Extract verbatim every line from the one containing "U.S. Polo Assn." to the final line of the records below, inclusive, and exclude all pictures.

+++ DATA SUPPLIED +++

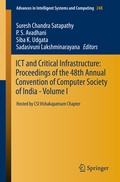 Cover: ICT and Critical Infrastructure: Proceedings of the 48th Annual Convention of Computer Society of India- Vol I - Springer
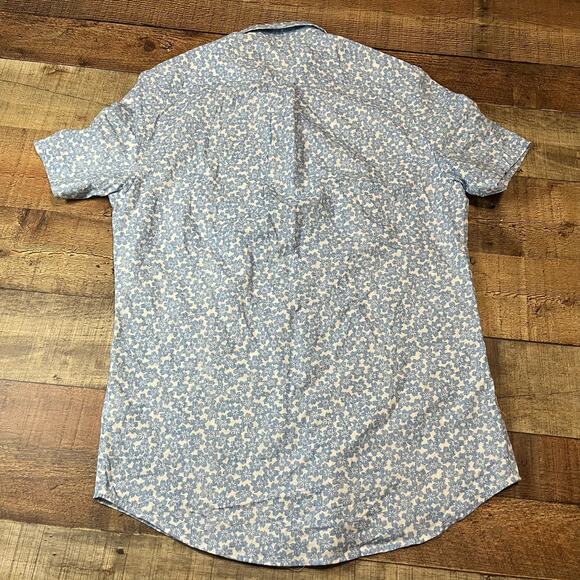U.S. Polo Assn. | Men's Blue White Floral NWOT Stretch Button Down Shirt Sz S - Picture 5 of 5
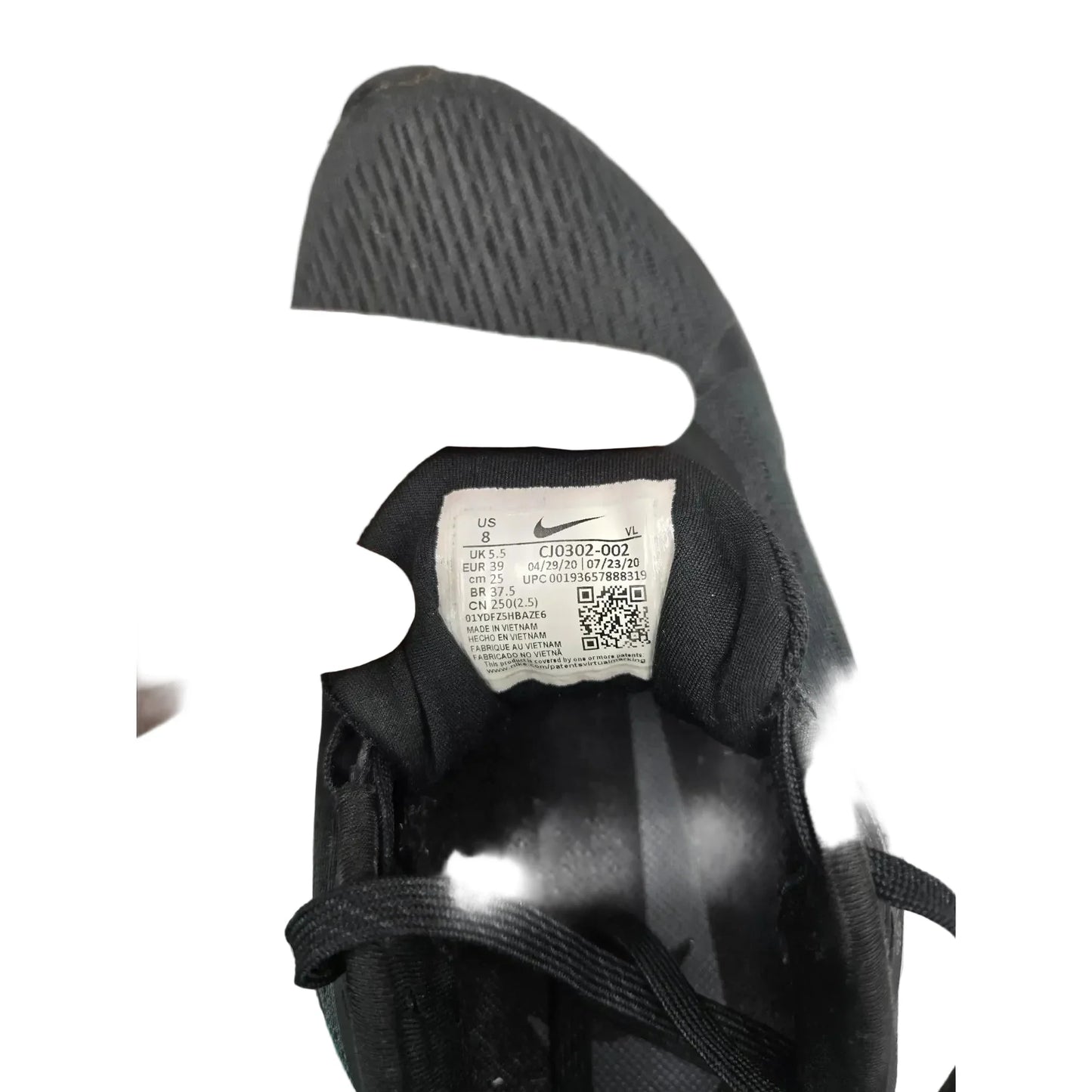 Shoes Athletic By Nike In Black, Size: 8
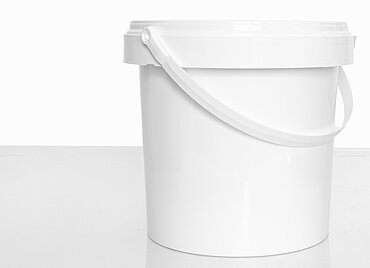 Kunststoff Rundeimer UN: 6,0 Liter, Farbe: weiß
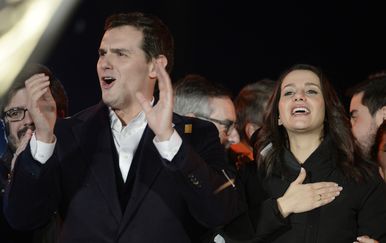 \"Građani\" slave pobjedu (Foto: AFP)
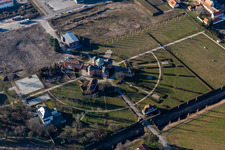 Oblique view of Hermitage in Waghäusel in the state Baden-Wuerttemberg, Germany
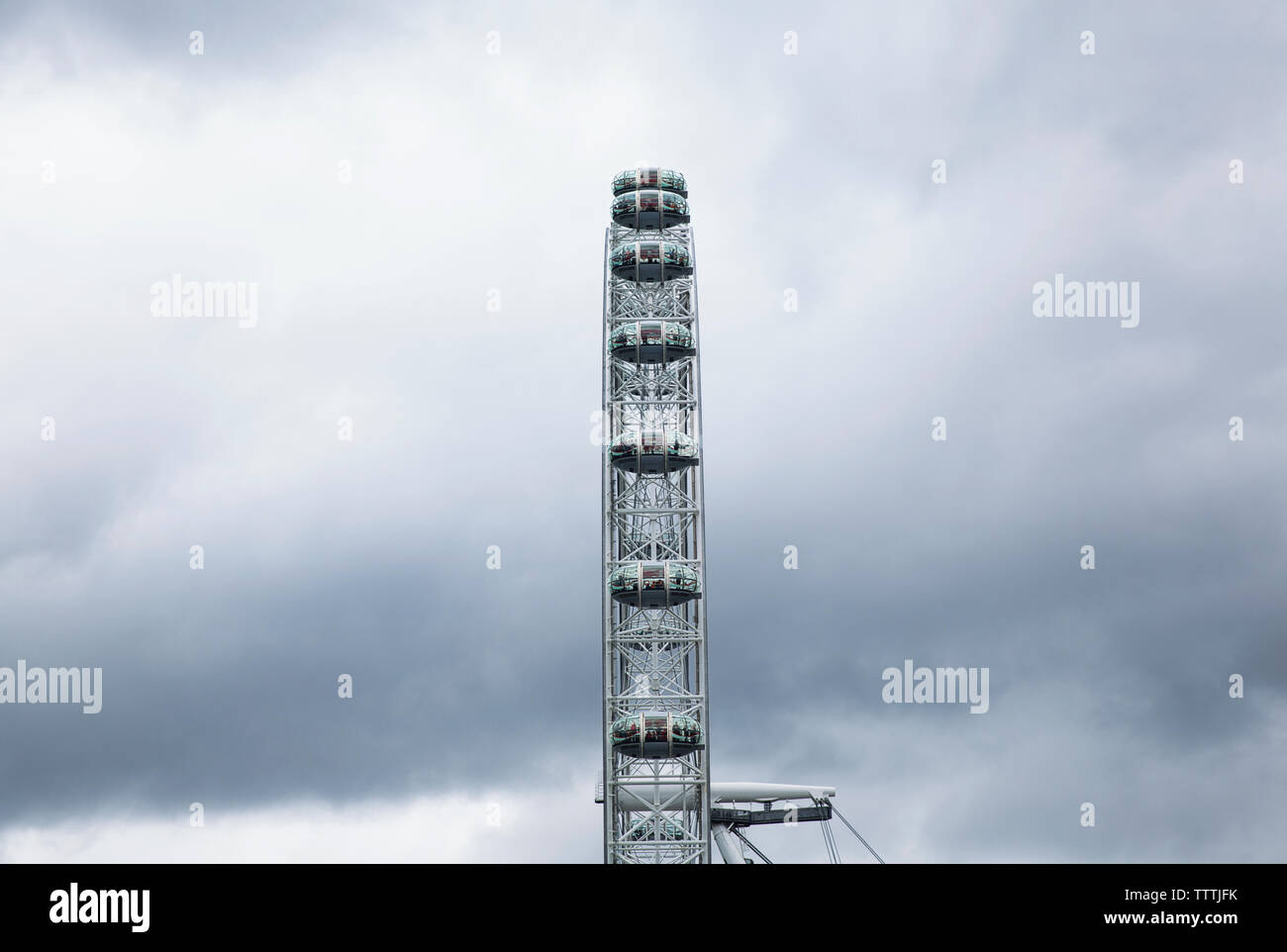 High section of Millennium Wheel against sky Stock Photo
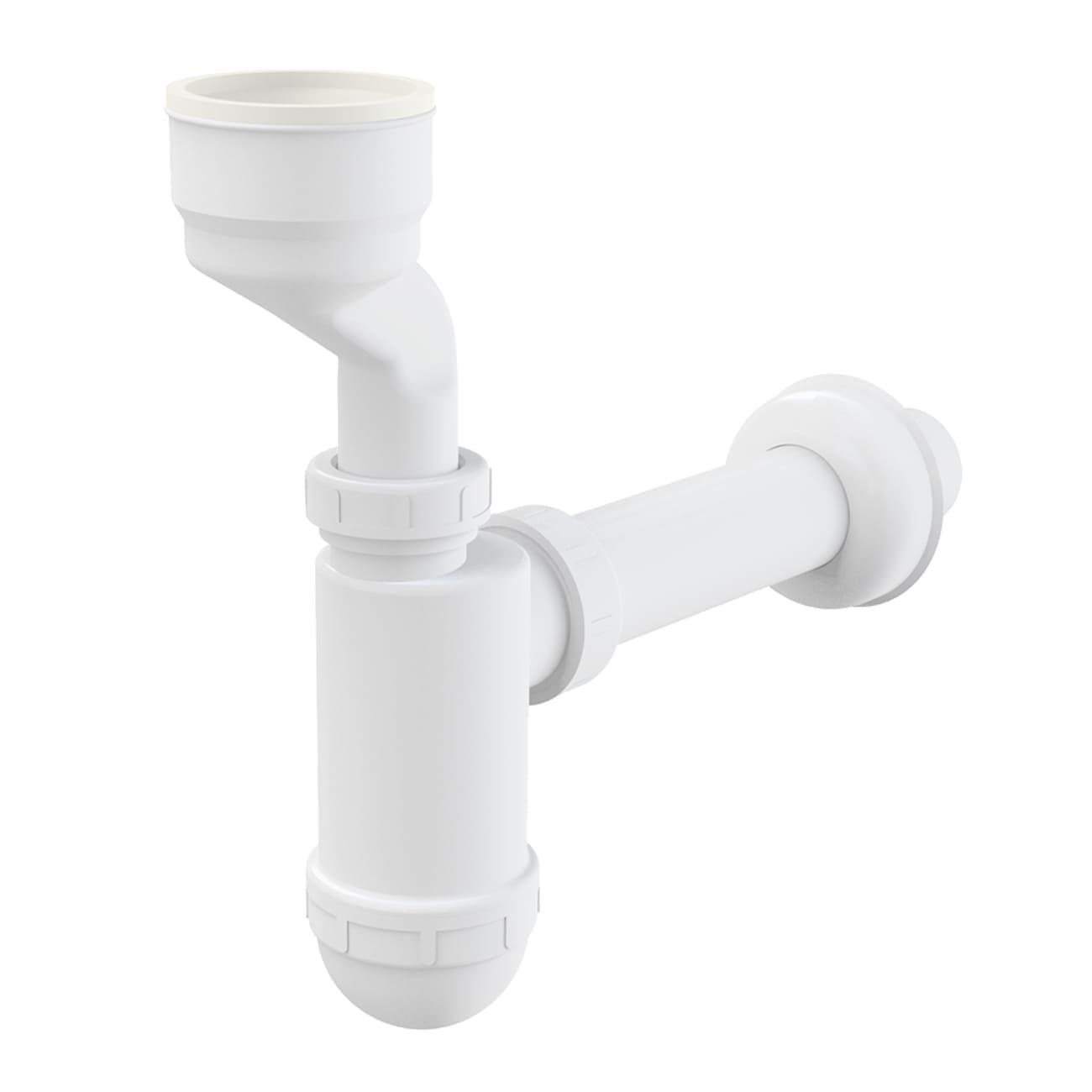 Сифон с манжетой для писсуара Alcaplast A45A-BL-01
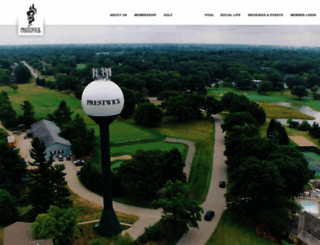 prestwickcc.com screenshot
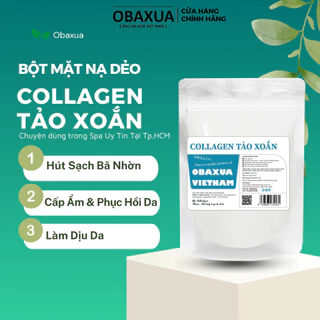 Bột mặt nạ dẻo tảo xoắn lục OBAXUA- Mask dẻo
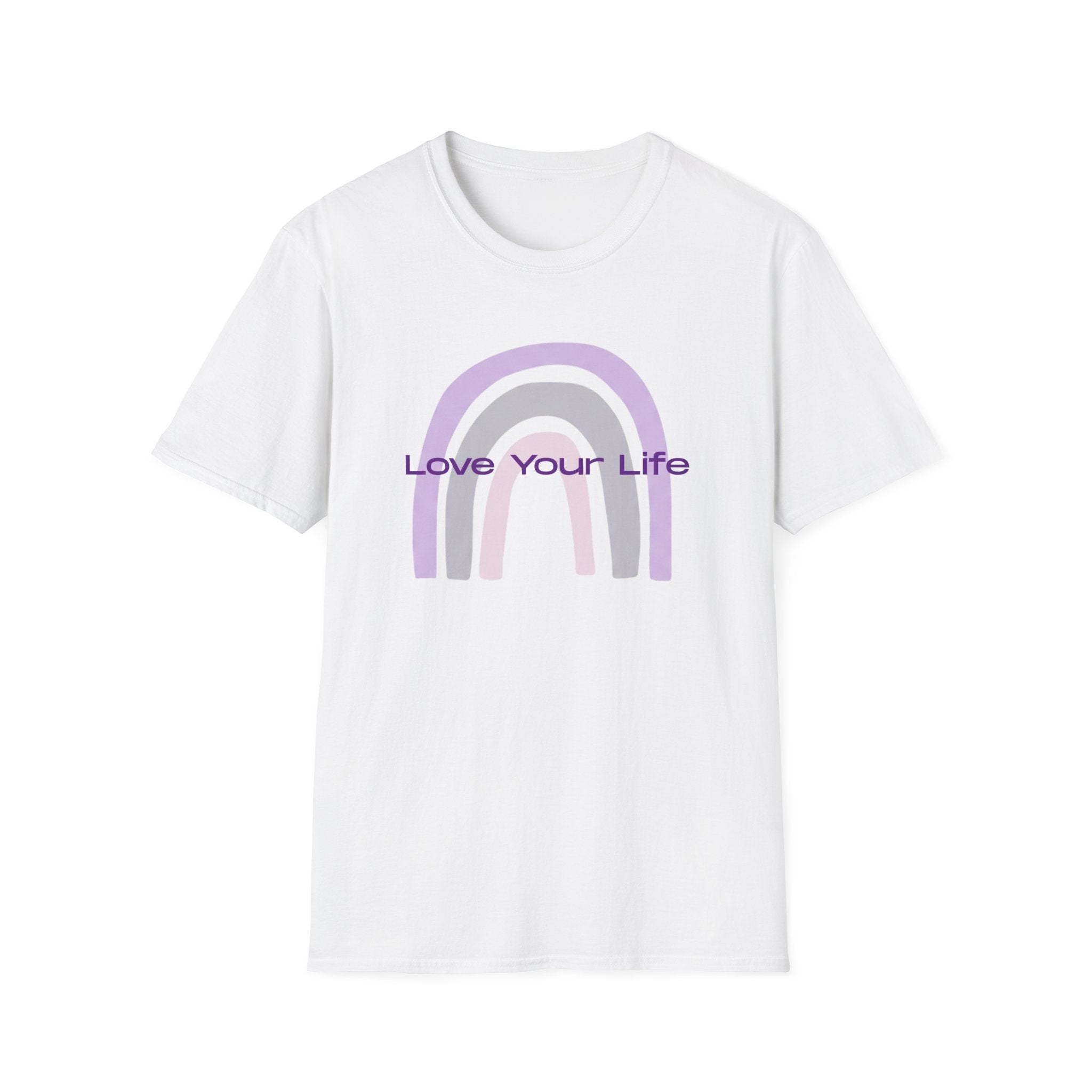 Love Your Life Rainbow T-Shirt — Pastel Retro Positive Tee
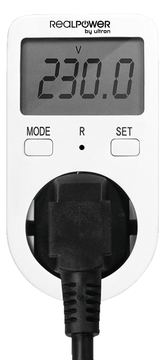 RealPower EM-1 Energiemessgerät - LCD - AC - 16 A - 76 mm - 53 mm - 100 mm von LumaTech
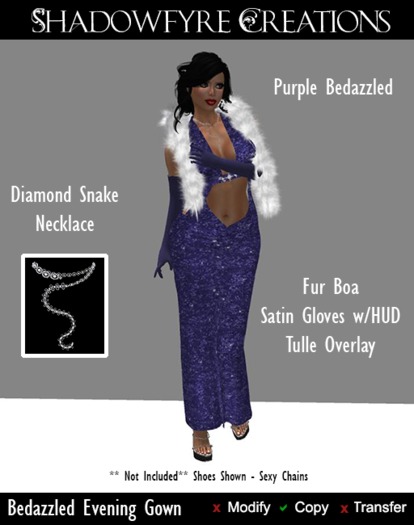 SC - Bedazzled Gown - Purple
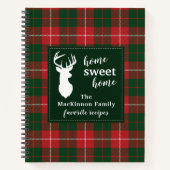 Speciaal MacKinnon Tartan Gespeldenreeks Ontvang Notitieboek (Voorkant)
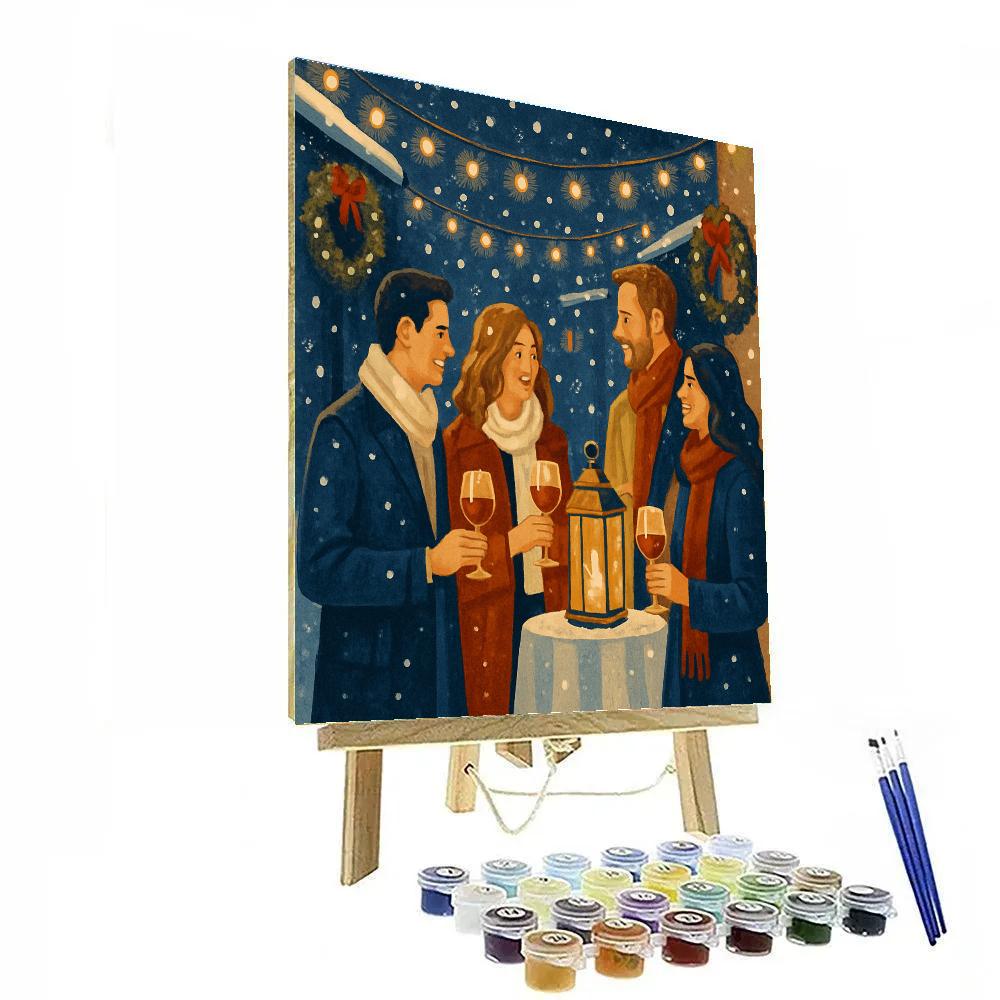 Starlight Snowfall Soiree painting number kit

+++

EXERCISE RESPONSE:
U.S. Polo Assn. | Men's Blue White Floral NWOT Stretch Button Down Shirt Sz S - Picture 5 of 5
 Shoes Athletic By Nike In Black, Size: 8
 Kunststoff Rundeimer UN: 6,0 Liter, Farbe: weiß
 \"Građani\" slave pobjedu (Foto: AFP)
 Oblique view of Hermitage in Waghäusel in the state Baden-Wuerttemberg, Germany
 High section of Millennium Wheel against sky Stock Photo
 Сифон с манжетой для писсуара Alcaplast A45A-BL-01
 prestwickcc.com screenshot
 Bột mặt nạ dẻo tảo xoắn lục OBAXUA- Mask dẻo
 Love Your Life Rainbow T-Shirt — Pastel Retro Positive Tee
 RealPower EM-1 Energiemessgerät - LCD - AC - 16 A - 76 mm - 53 mm - 100 mm von LumaTech
 SC - Bedazzled Gown - Purple
 Speciaal MacKinnon Tartan Gespeldenreeks Ontvang Notitieboek (Voorkant)
 Starlight Snowfall Soiree painting number kit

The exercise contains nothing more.